Pour commencer, deux films « tirés d’une histoire vraie », évoquant des tragédies marquantes du début du XXIe siècle : l’accident du sous-marin nucléaire Koursk en 2000, l’attentat d’Utoya en Norvège en 2011.
Kursk, production internationale majoritairement belge sortie en salles ce mercredi 7 novembre, choisit d’abandonner tout réalisme linguistique en faisant parler anglais tous ses personnages. C’est ainsi qu’on retrouve, dans le rôle de figures on ne peut plus russes, Matthias Schoenaerts (le commandant du Koursk) et Léa Seydoux (son épouse inquiète). Ce choix très « à l’ancienne » apparaît d’emblée un peu incongru ; d’autant que la présence de personnages britanniques, à savoir des marins de la Royal Navy, le rend d’autant plus voyant. Autre démarche très classique, le scénario s’efforce de créer une backstory engageante pour les personnages afin que les spectateurs, qui connaissent déjà l’issue de l’histoire, aient quelque chose à laquelle se rattraper. Ainsi, le début du film nous montre l’amitié entre les marins et les relations familiales du commandant, marié et père d’un enfant, que l’on va continuer de suivre tout au long du film. Une fois l’accident parvenu (l’explosion d’un missile à l’arrière du sous-marin), le film s’organise en allers-retours entre le sous-marin où tentent de s’organiser les survivants, les autorités des différentes armées débattant des solutions possibles et les famille inquiètes des marins. Le réalisateur danois Thomas Vinterberg, ancien adepte du Dogme qui réalise désormais des films de facture plus classique (comme le très beau Loin de la foule déchaînée en 2015), tente de s’intéresser au contexte politique : le film est très critique envers les autorités russes, qui sont restées très opaques et ont refusé trop longtemps l’aide internationale qui aurait peut-être pu sauver les marins. Malgré tout, l’ensemble reste très superficiel. Le manque d’émotion suscité par le film est dû notamment à l’absence de la notion de temps, qui laisse le spectateur à distance et empêche un véritable suspense de s’installer. A la fin du film, nous ne sommes pas exactement certain du temps qui s’est écoulé entre l’accident et son issue tragique.

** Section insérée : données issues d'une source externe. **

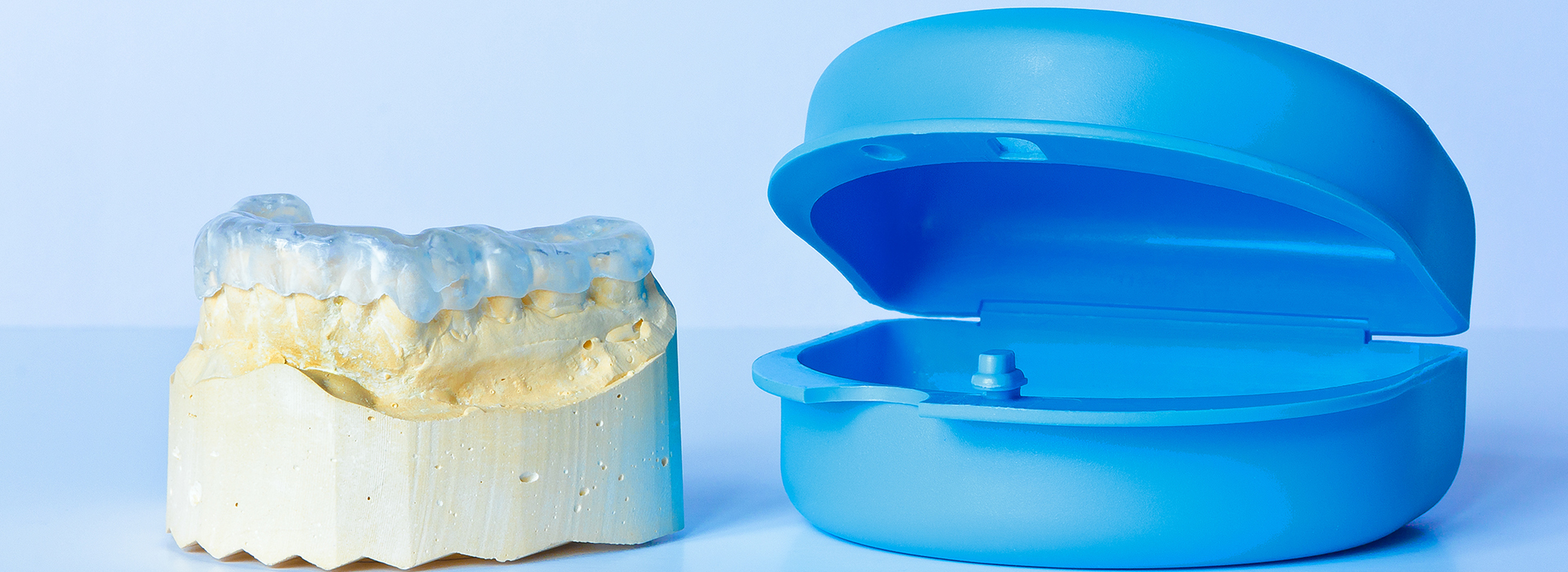 The image shows two dental implant components a yellow abutment and a blue circular ring, both set against a white background.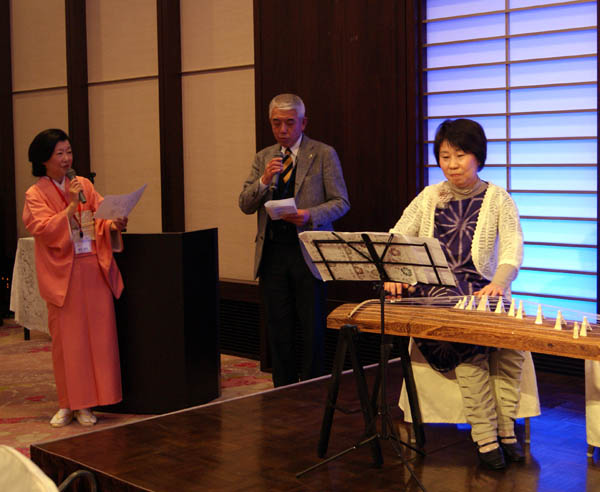 西田会員の琴演奏で合唱　リードする野津隆会員と司会の岸本幸子理事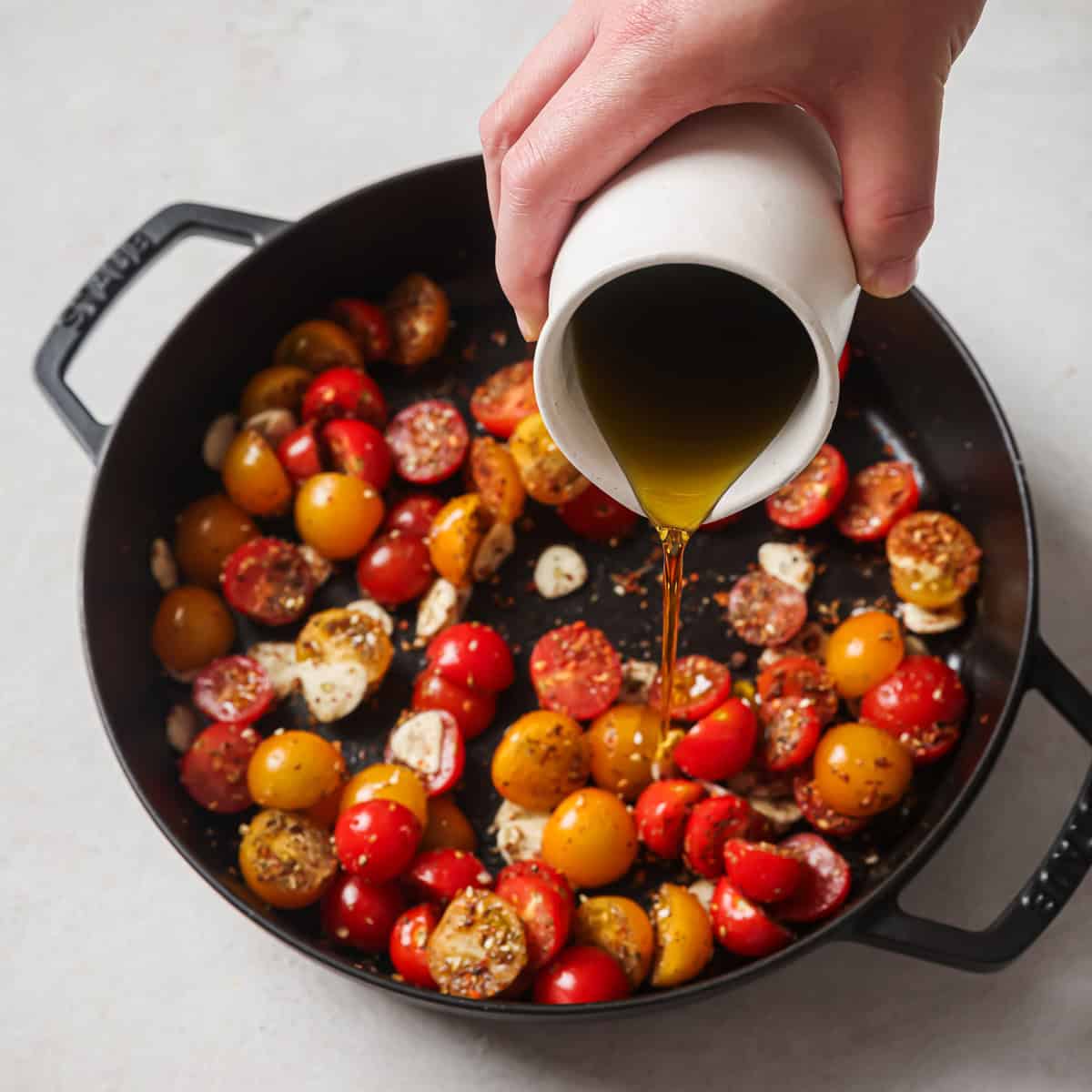 person pouring olive oil over the tomatoes.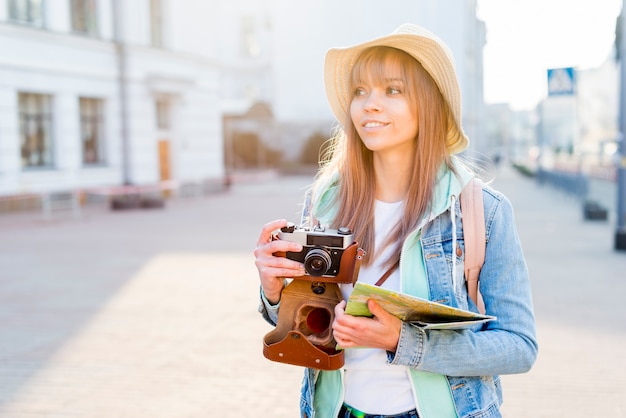 Photo gratuite portrait, femme, voyageur, ville, tenue, appareil photo vintage, carte, main, regarder, loin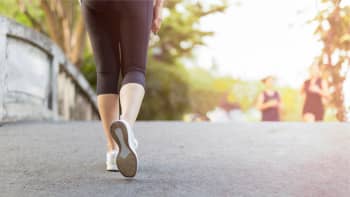A woman walking across a bridge for exercise in the early morning light.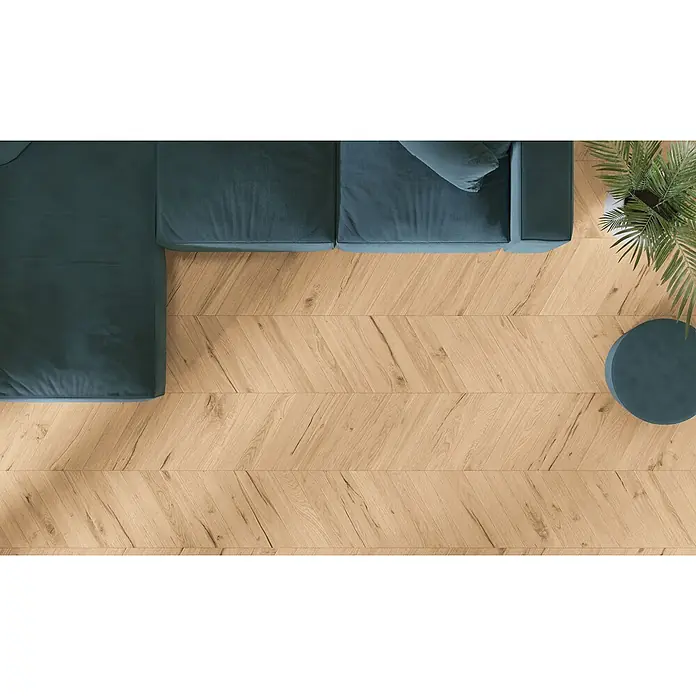 Feinsteinzeug in antiker honig Holzoptik 20x120 - Italienische Fliesen -  - Heller Chevron-Holzboden in einem Wohnzimmer, mit dunkelgrünem Ecksofa, rundem Beistelltisch und Topfpflanze.
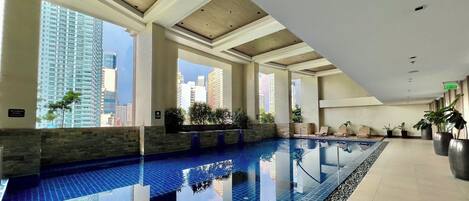 Una piscina interior con baldosas azules brillantes, ventanas amplias y vistas de edificios circundantes.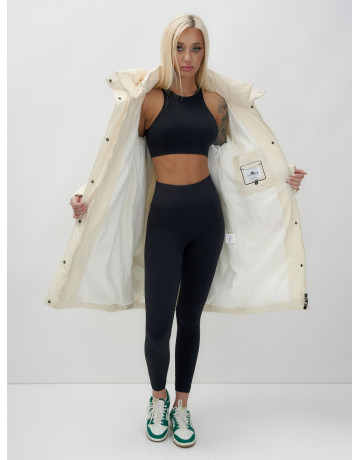 Тёплый женский пуховик с капюшоном до колена.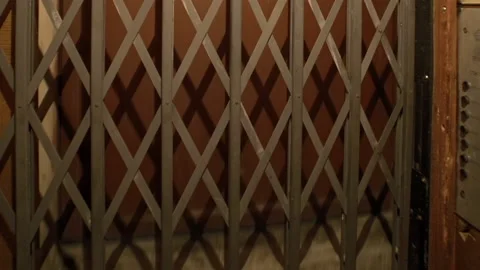 Footage of an Old Communist Elevator Lift Running From Floor to Floor in Stock Footage 166487666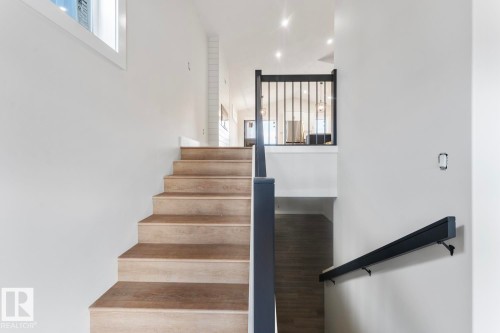 Contemporary staircase featuring wood-finish treads, a black iron spindle railing, and a minimalist wall-mounted handrail - 301 Fundy Way, Cold Lake, AB - Indoor Photo Showing Other Room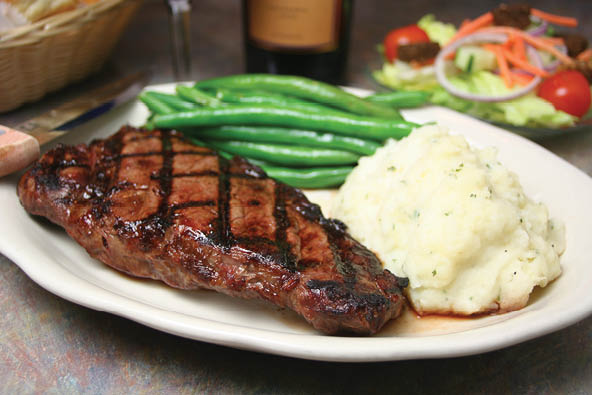 Steak served with mashed potatoes, green beans and a salad 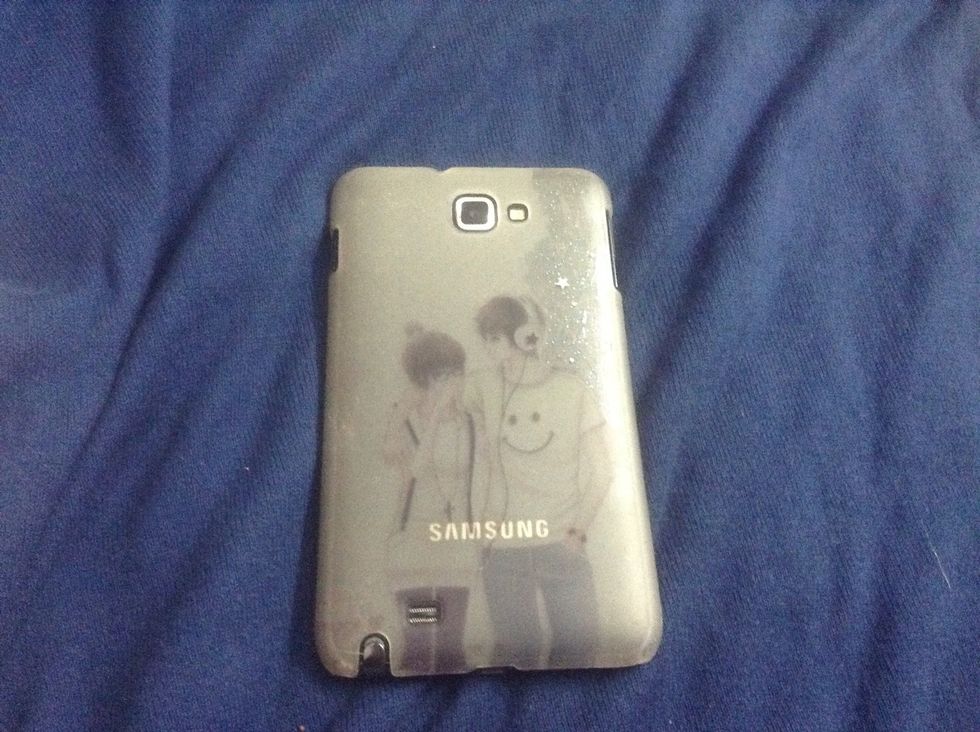 ( I used a cover that has a drawing but it's still see through ) Start painting your cover with your nail polish . I have one with stars and glitter in it so its night sky colour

A l’inverse, Utoya, 22 juillet d’Erik Poppe choisit de nous faire ressentir chaque minute, chaque seconde. A l’exception d’une courte introduction montrant en images de vidéo-surveillance l’attentat à la bombe ayant eu lieu à Oslo quelques heures avant le massacre d’Utoya, le film déroule en temps réel l’horreur de ce moment. Sur une île où des jeunes membres du parti travailliste sont réunis en camp d’été, un homme se met à tirer sur la foule. Le massacre dure un peu moins d’une heure et demie : c’est la durée du film. Nous suivons Kaja, jeune femme imaginée pour les besoins du scénario, et ne la quittons plus. Nous restons dans son point de vue : elle ne sait pas ce qui se passe, se déplace sans savoir où aller et cherche désespérément sa sœur qui n’était pas avec elle quand les coups de feu ont commencé. Jamais le contact avec elle n’est rompu : Utoya, 22 juillet consiste en un seul et unique plan-séquence très impressionnant. La caméra portée est très voyante : on sent le caméraman courir derrière les comédiens, changer de braquet le plus vite possible etc. Même si on en ressent un peu l’artificialité, cela participe d’une urgence et d’une beauté qui affleure parfois, lorsque que la caméra capte des choses imprévues (comme une mouche qui se pose quelques secondes sur le bras de l’héroïne). La tension ne doit jamais retomber, ce qui nécessite des procédés de scénario parfois un peu voyants : il faut que l’héroïne fasse des choses, se déplace d’un bout à l’autre de l’île pour que le spectateur ne s’ennuie pas. Dans certains moments plus calmes, le cinéaste tente un peu de poésie au risque de tomber dans le sentimentalisme (comme cette scène où la Kaja chante « True Colors » de Cyndi Lauper à un camarade). Mais le film continue de tenir. Dans les obligatoires cartons de fin du film, le réalisateur choisit sciemment de ne pas donner le nom du terroriste d’extrême-droite qui a perpétré le massacre d’Utoya. On sent Erik Poppe guidé du début à la fin par la question de la dignité des victimes et, sans réellement parler de politique (sauf dans une conversation entre les personnages au début du film), il réalise une œuvre engagée qui ne vaut pas seulement pour son aspect « choc ».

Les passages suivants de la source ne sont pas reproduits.